BEGIN
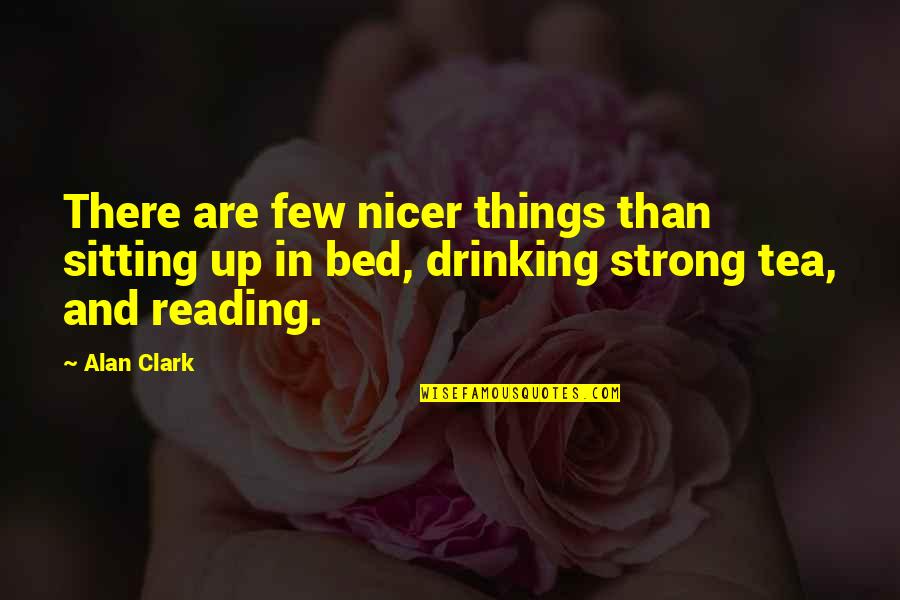 Tea And Quotes By Alan Clark: There are few nicer things than sitting up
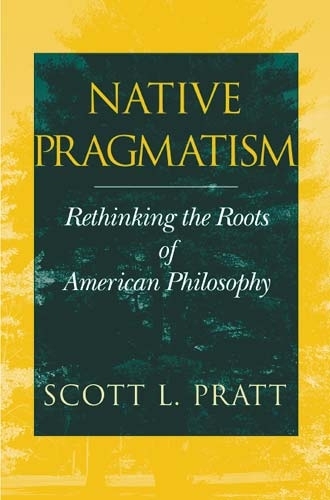 Паперова книга «Native Pragmatism: Rethinking the Roots of American Philosophy», автор Скотт Л. Пратт - фото №1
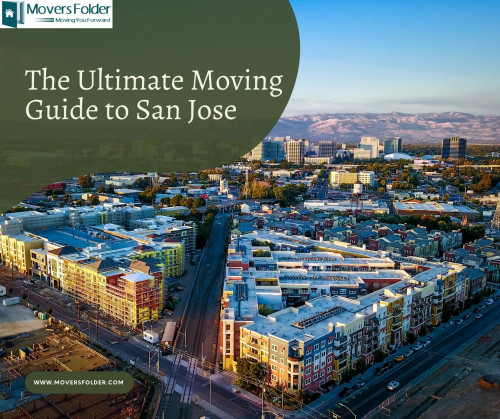 The Ultimate Moving Guide to San Jose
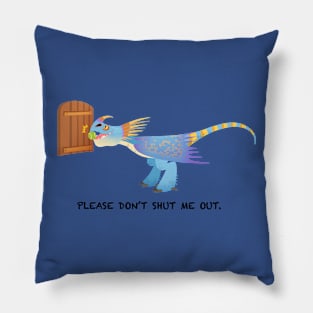 Please Don't Shut Me Out Pillow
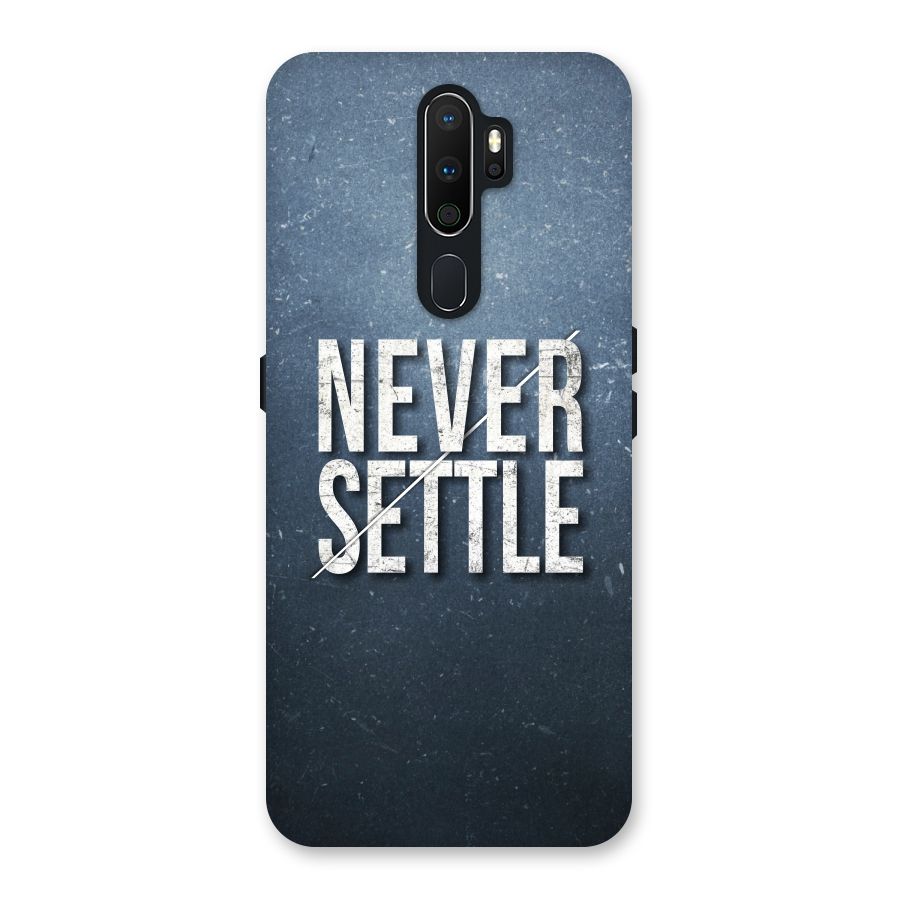 Never Settle Back Case for Oppo A5 (2020)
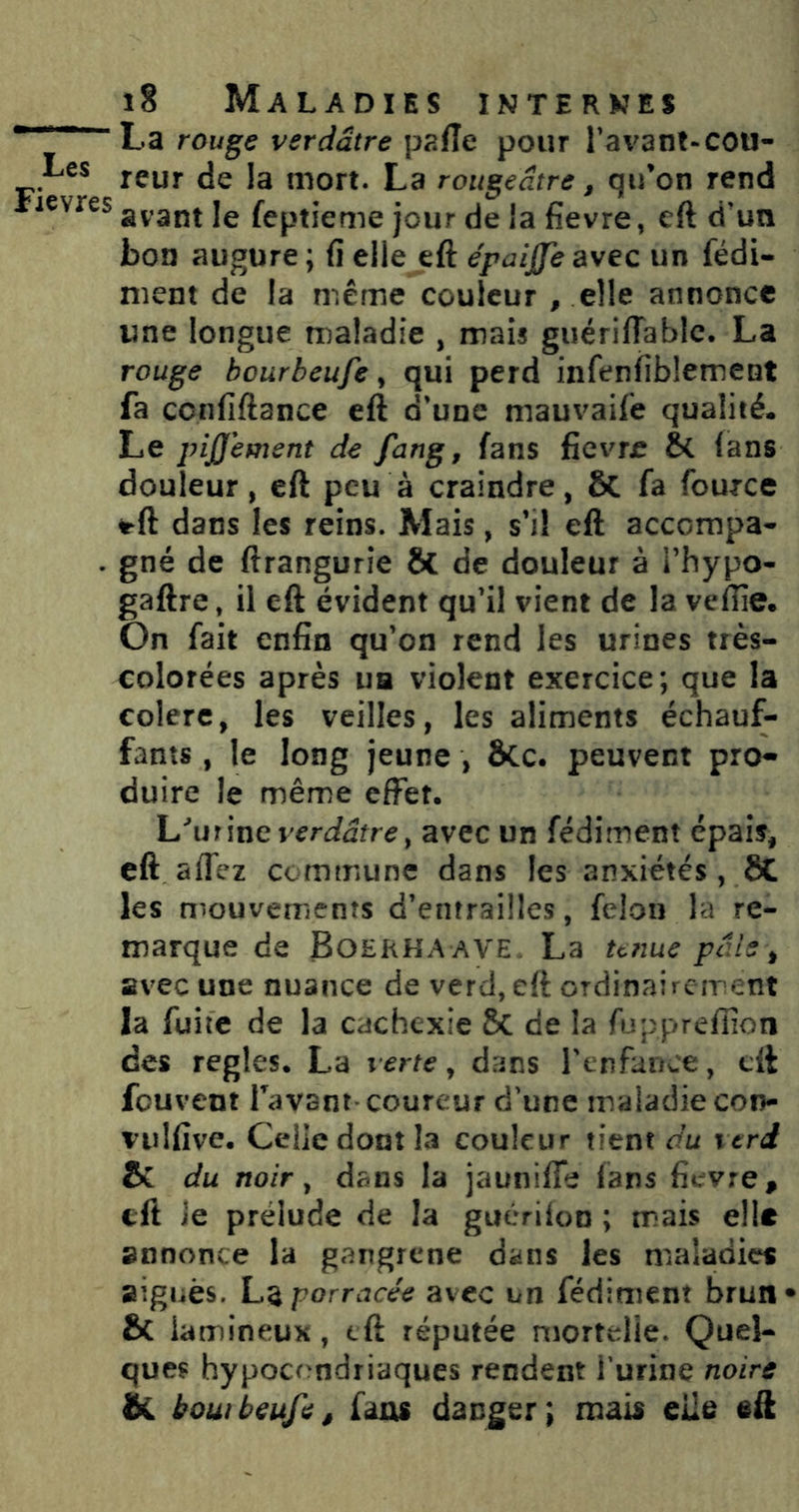 La rou^ç verdâtre paffe pour ravant-COU- Les jçyj. jg ji-jort. La rougeâtre, qu’on rend ilevres feptieme jour de la fievre, cft d'un bon augure; fi elle eft épaijfeavec un fédi- nient de la même couleur , elle annonce une longue tnaladie , mais guérilTablc. La rouge bourbeufe y qui perd infenfiblement fa confiftance eft d’une mauvaife qualité. Le pijjement de fung, fans fievme & lans douleur, eft peu à craindre, 6c fa fource ^ft dans les reins. Mais, s’il eft accompa^ . gné de ftrangurie & de douleur à i’hypo- gaftre, il eft évident qu’il vient de la vefiîe. On fait enfin qu’on rend les urines très- colorées après UB violent exercice; que la eolerc, les veilles, les aliments échauf- fants , le long jeune , &c. peuvent pro- duire le même effet. L'^urine v^r(iûfr^, avec un fédiment épais, cft aflez commune dans les anxiétés , 8C les mouvements d’entrailles, félon la re- marque de Boekha ave. La tt?îue pâle ^ avec une nuance de verd, eft ordinairement la fuite de la cachexie 8c de la fupprefiîon des réglés. La verte ^ dans renfance, cft fcuvent Tavant coureur d’une maladie con- vulfive. Celle dont la couleur tient du i trd & du noir ^ dans la jaunifle fans fievre, cft ie prélude de la guérilon ; mais elle annonce la gangrené dans les maladies Bîgiiès. porrcicée avec un fédiment brun* & lamineux, eft réputée mortelle. Quel- ques hypocondriaques rendent Turine noire bi bouibeufe, faiu danger; mais elle eft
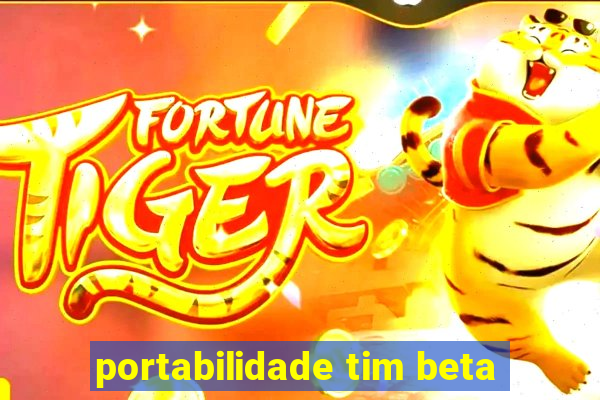 portabilidade tim beta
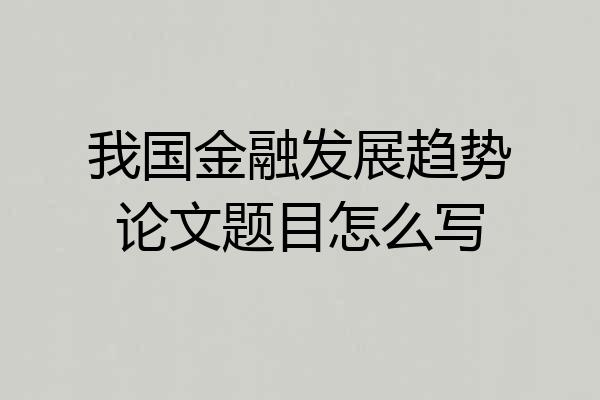 我国金融发展趋势论文题目怎么写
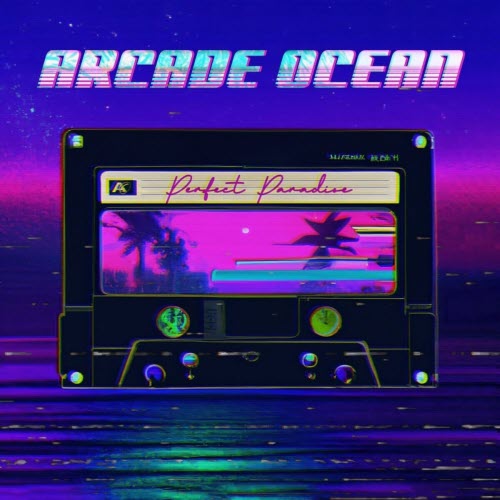 Arcade Ocean - Perfect Paradise (2023) [Single]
END
Exercise brief:
Please repeat all of the data exactly as it stands, leaving the pictures out.

Written solution:
 Tea And Quotes By Alan Clark: There are few nicer things than sitting up
 Паперова книга «Native Pragmatism: Rethinking the Roots of American Philosophy», автор Скотт Л. Пратт - фото №1
 The Ultimate Moving Guide to San Jose
 Please Don't Shut Me Out Pillow
 Never Settle Back Case for Oppo A5 (2020)
 La rou^ç verdâtre paffe pour ravant-COU- Les jçyj. jg ji-jort. La rougeâtre, qu’on rend ilevres feptieme jour de la fievre, cft d'un bon augure; fi elle eft épaijfeavec un fédi- nient de la même couleur , elle annonce une longue tnaladie , mais guérilTablc. La rouge bourbeufe y qui perd infenfiblement fa confiftance eft d’une mauvaife qualité. Le pijjement de fung, fans fievme & lans douleur, eft peu à craindre, 6c fa fource ^ft dans les reins. Mais, s’il eft accompa^ . gné de ftrangurie & de douleur à i’hypo- gaftre, il eft évident qu’il vient de la vefiîe. On fait enfin qu’on rend les urines très- colorées après UB violent exercice; que la eolerc, les veilles, les aliments échauf- fants , le long jeune , &c. peuvent pro- duire le même effet. L'^urine v^r(iûfr^, avec un fédiment épais, cft aflez commune dans les anxiétés , 8C les mouvements d’entrailles, félon la re- marque de Boekha ave. La tt?îue pâle ^ avec une nuance de verd, eft ordinairement la fuite de la cachexie 8c de la fupprefiîon des réglés. La verte ^ dans renfance, cft fcuvent Tavant coureur d’une maladie con- vulfive. Celle dont la couleur tient du i trd & du noir ^ dans la jaunifle fans fievre, cft ie prélude de la guérilon ; mais elle annonce la gangrené dans les maladies Bîgiiès. porrcicée avec un fédiment brun* & lamineux, eft réputée mortelle. Quel- ques hypocondriaques rendent Turine noire bi bouibeufe, faiu danger; mais elle eft
 portabilidade tim beta
 我国金融发展趋势论文题目怎么写
 Arcade Ocean - Perfect Paradise (2023) [Single]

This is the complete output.